- What the task requires -
For every entry that follows, return the words exactly and omit any picture.

- Provided material -

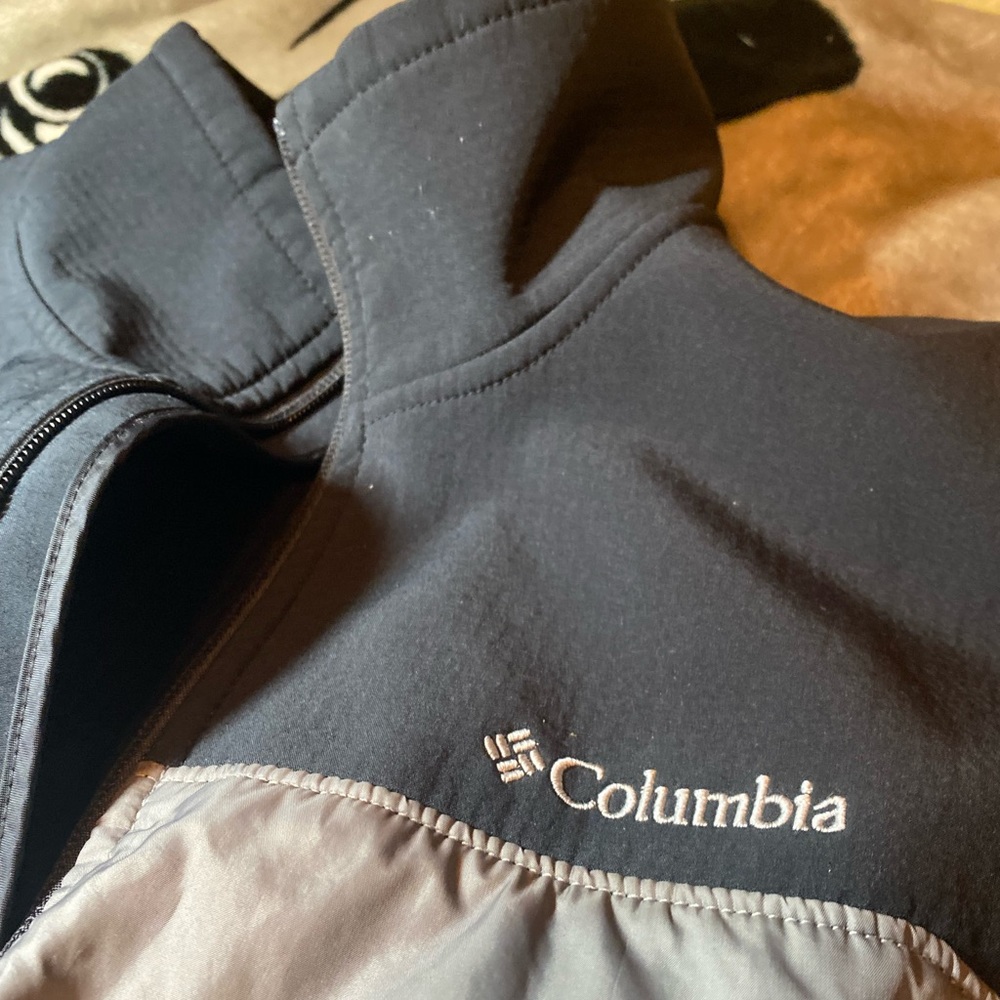 COLUMBIA JACKET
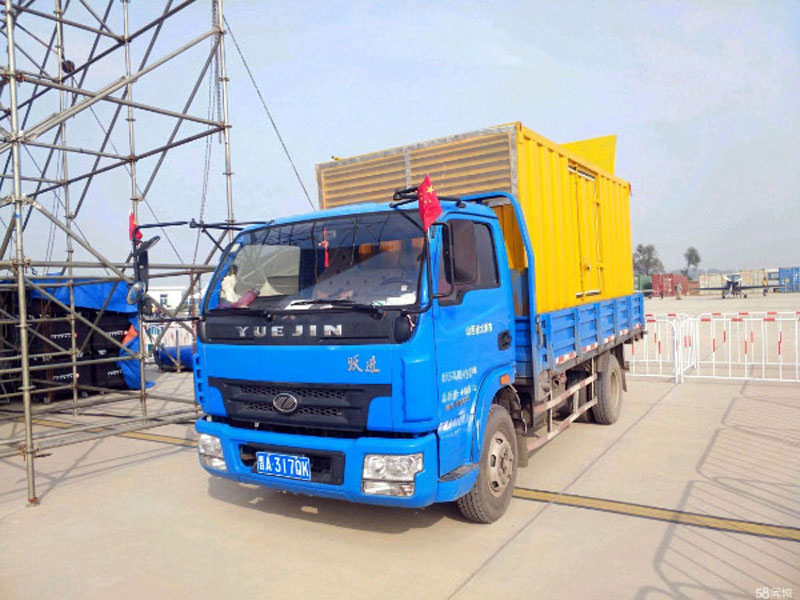 赛罕800KW柴油发电机组油耗是多少?
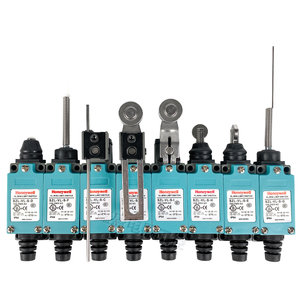 Interruptor de Límite Honeywell SZL-VL-S-J-I-A-B-C-H-E-F-D-G SPDT Metálico IP20 con Terminal de Tornillo - Product Image 2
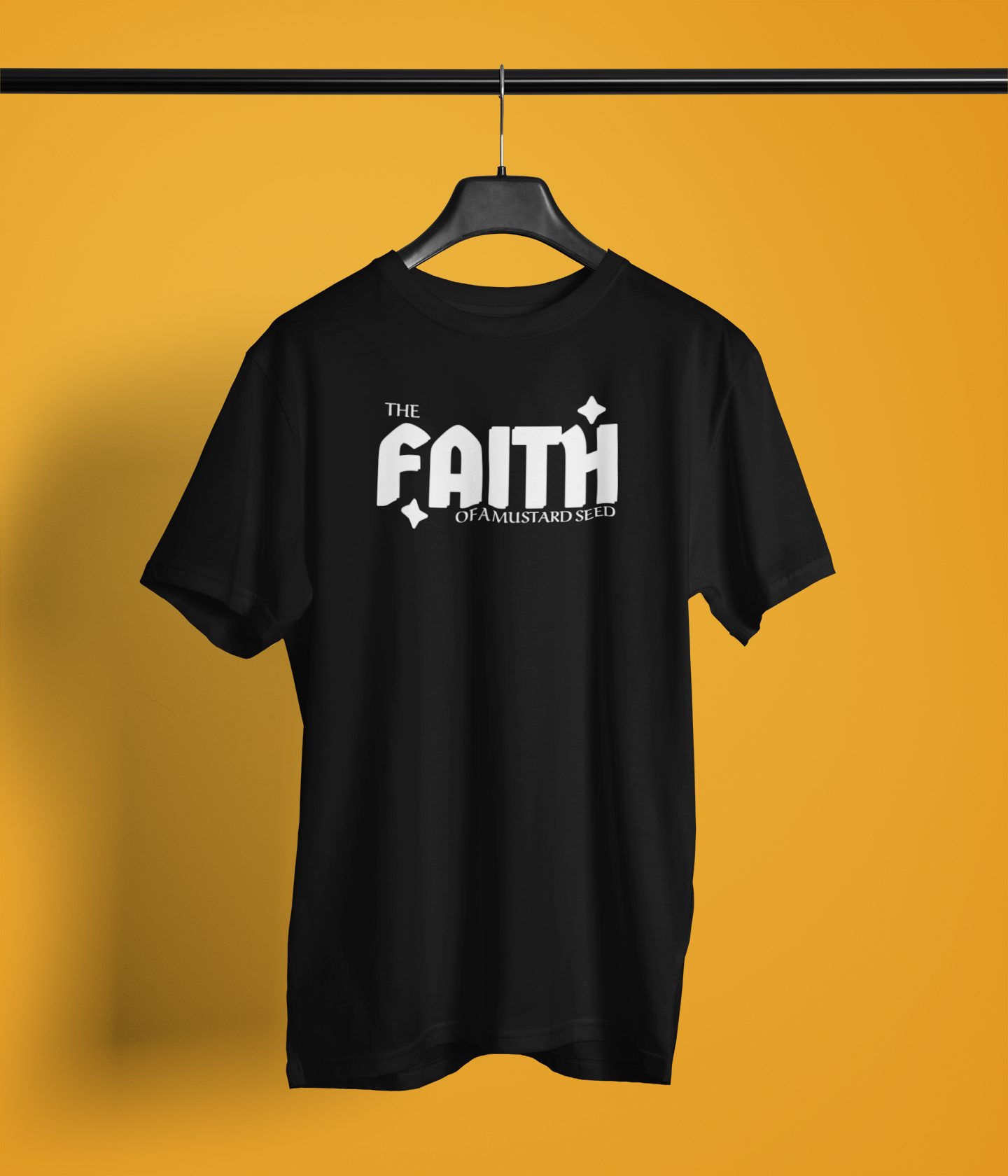Faith of a Mustard Seed T-Shirt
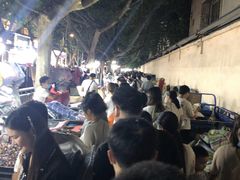 -健康路夜市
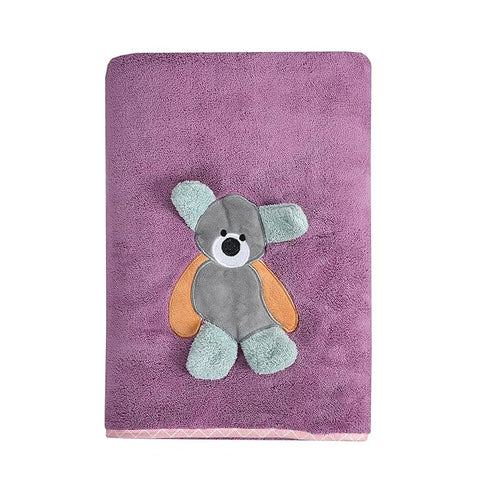 UrbanLeaf Premium Microfiber Kids Bath Towels Quick Drying Towels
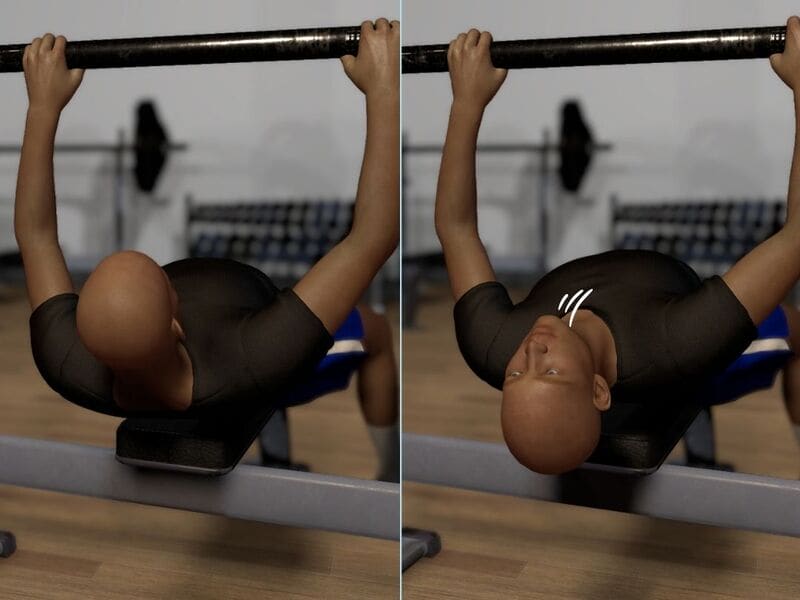 ยิมเสียวสุด น้องมุกกับพี่มืด ภาพ 1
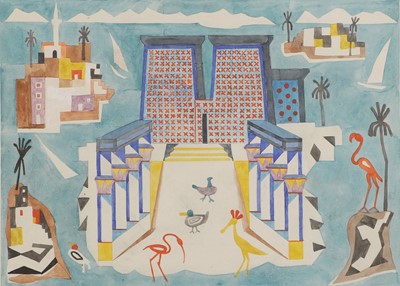 Lot 20 - Edward Bawden RA (1903-1989)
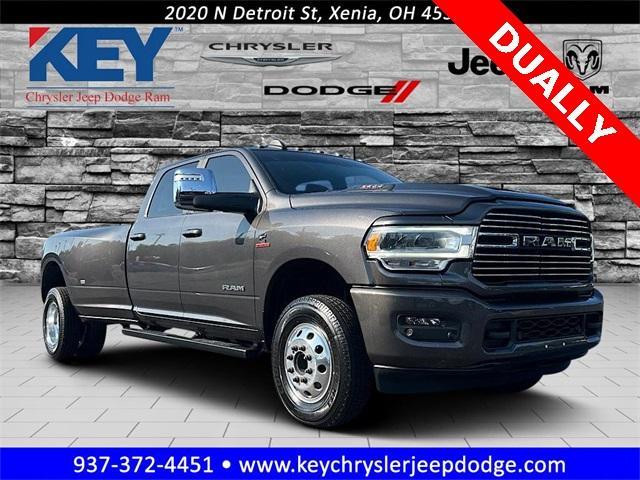 used 2023 Ram 3500 car, priced at $52,995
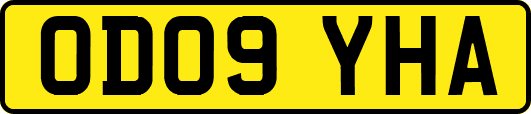 OD09YHA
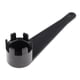 thumbnail image 5 of PVC Air Valve 6-Groove llave llave inglesa para el barco inflable Kayak Canoa Negro, 5 of 5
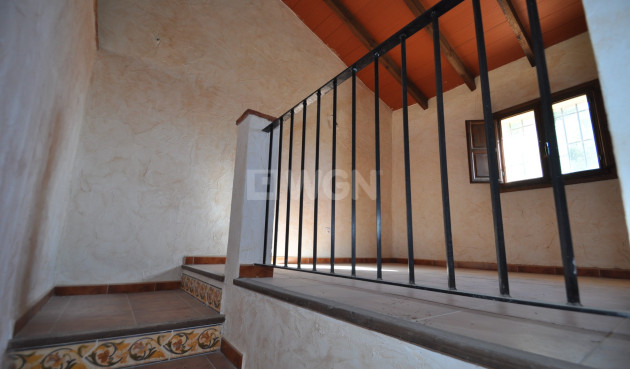 Wiederverkauf - Villa - Jumilla - Inland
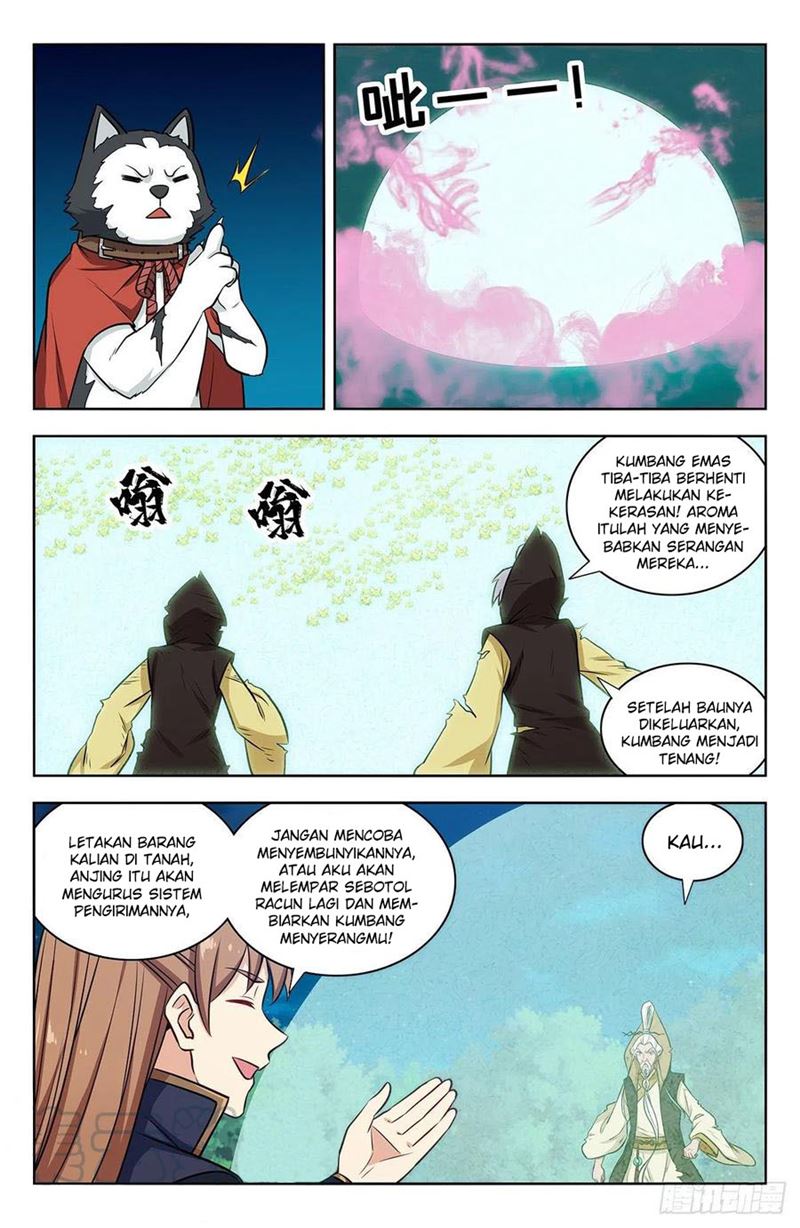 Strongest Anti M.E.T.A Chapter 353 - halaman 10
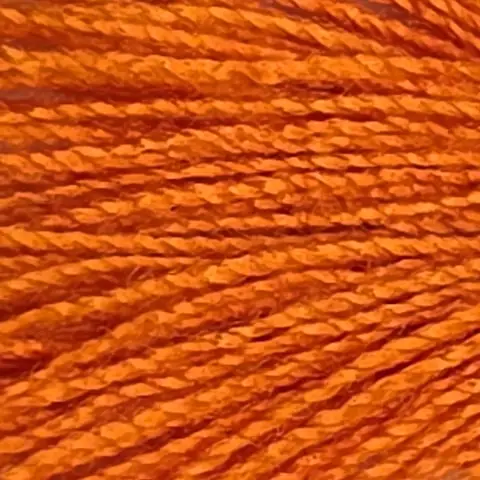 Color 15 L, hilo naranja de Hilos Terry
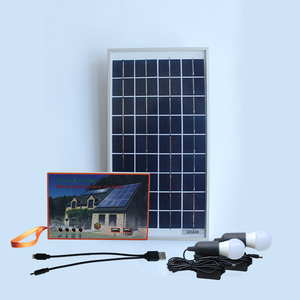 태양 조명 키트 <span class=keywords><strong>LED</strong></span> 전구 태양 홈 키트 리튬 배터리 가정용 모바일 충전 및 독서 - Product Image 5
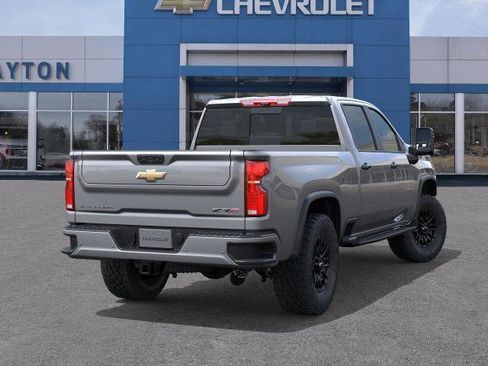 New 2026 Chevrolet Silverado 2500 ZR2 image 30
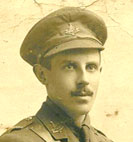 2nd Lieutenant Lionel Adolf David DAVID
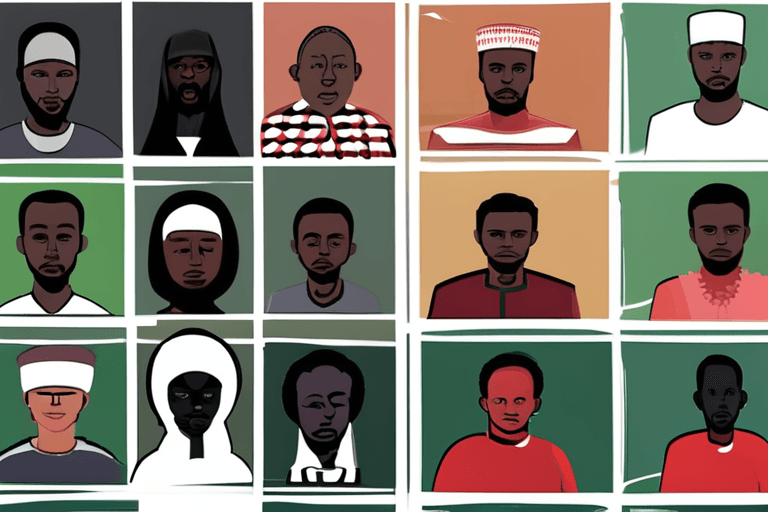 Nigerian Village Massacre: Jihadists Kill Hundreds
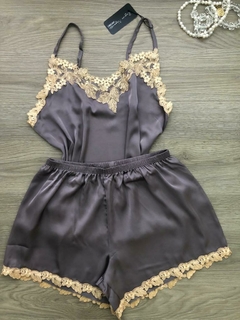 Baby Doll - BD107 - Regina Nogarotto Lingeries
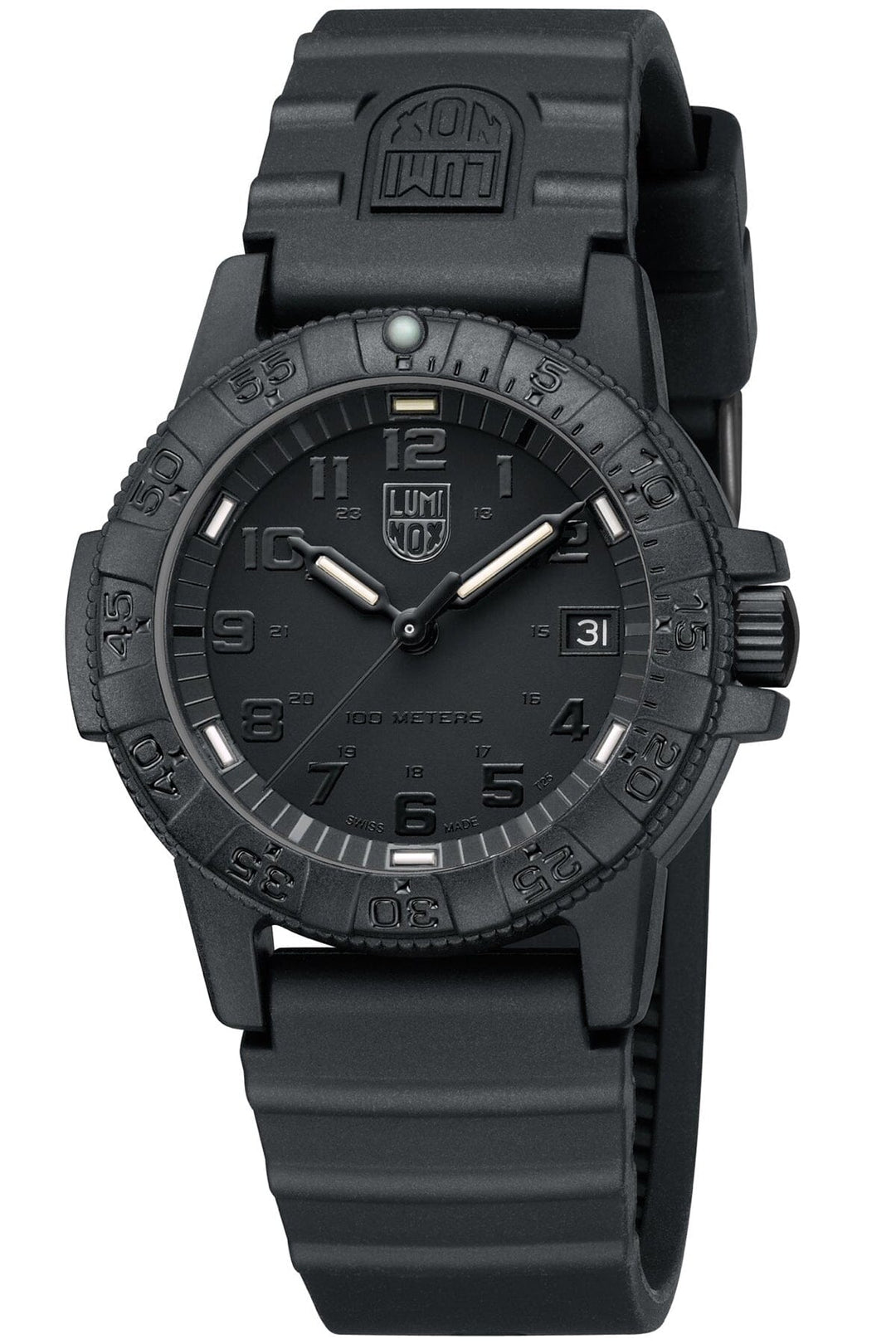 Montre Leatherback Sea Turtle - 39mm 0301.BO Homme - Accessoires - Montre Luminox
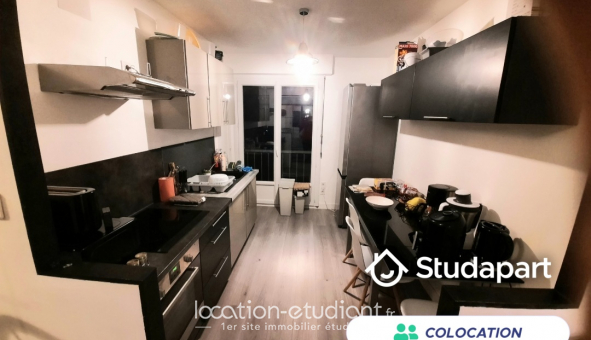 Colocation tudiante Studio à Rennes (35000)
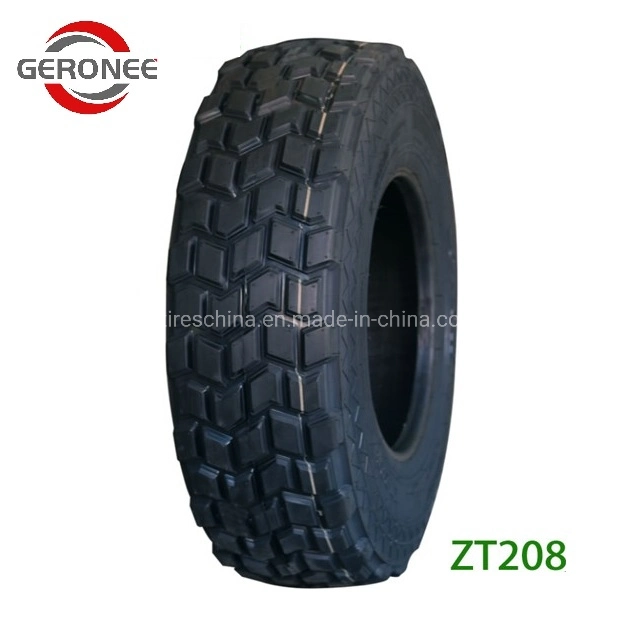 Longway/Comfast/Treadura Brand Light Truck Radial Tyres LTR Tubeless Car Tires 750r16 7.50r16lt 8pr Tl Sand Grip Tyres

- Expected answer -
 COLUMBIA JACKET
 赛罕800KW柴油发电机组油耗是多少?
 Interruptor de Límite Honeywell SZL-VL-S-J-I-A-B-C-H-E-F-D-G SPDT Metálico IP20 con Terminal de Tornillo - Product Image 2
Faith of a Mustard Seed T-Shirt
 -健康路夜市
 UrbanLeaf Premium Microfiber Kids Bath Towels Quick Drying Towels
 ยิมเสียวสุด น้องมุกกับพี่มืด ภาพ 1
 Lot 20 - Edward Bawden RA (1903-1989)
 used 2023 Ram 3500 car, priced at $52,995
 OD09YHA
 thumbnail image 5 of PVC Air Valve 6-Groove llave llave inglesa para el barco inflable Kayak Canoa Negro, 5 of 5
 Wiederverkauf - Villa - Jumilla - Inland
 Strongest Anti M.E.T.A Chapter 353 - halaman 10
 Color 15 L, hilo naranja de Hilos Terry
 태양 조명 키트 <span class=keywords><strong>LED</strong></span> 전구 태양 홈 키트 리튬 배터리 가정용 모바일 충전 및 독서 - Product Image 5
 New 2026 Chevrolet Silverado 2500 ZR2 image 30
 2nd Lieutenant Lionel Adolf David DAVID
 Nigerian Village Massacre: Jihadists Kill Hundreds
 Baby Doll - BD107 - Regina Nogarotto Lingeries
 Montre Leatherback Sea Turtle - 39mm 0301.BO Homme - Accessoires - Montre Luminox
 Colocation tudiante Studio à Rennes (35000)
 Longway/Comfast/Treadura Brand Light Truck Radial Tyres LTR Tubeless Car Tires 750r16 7.50r16lt 8pr Tl Sand Grip Tyres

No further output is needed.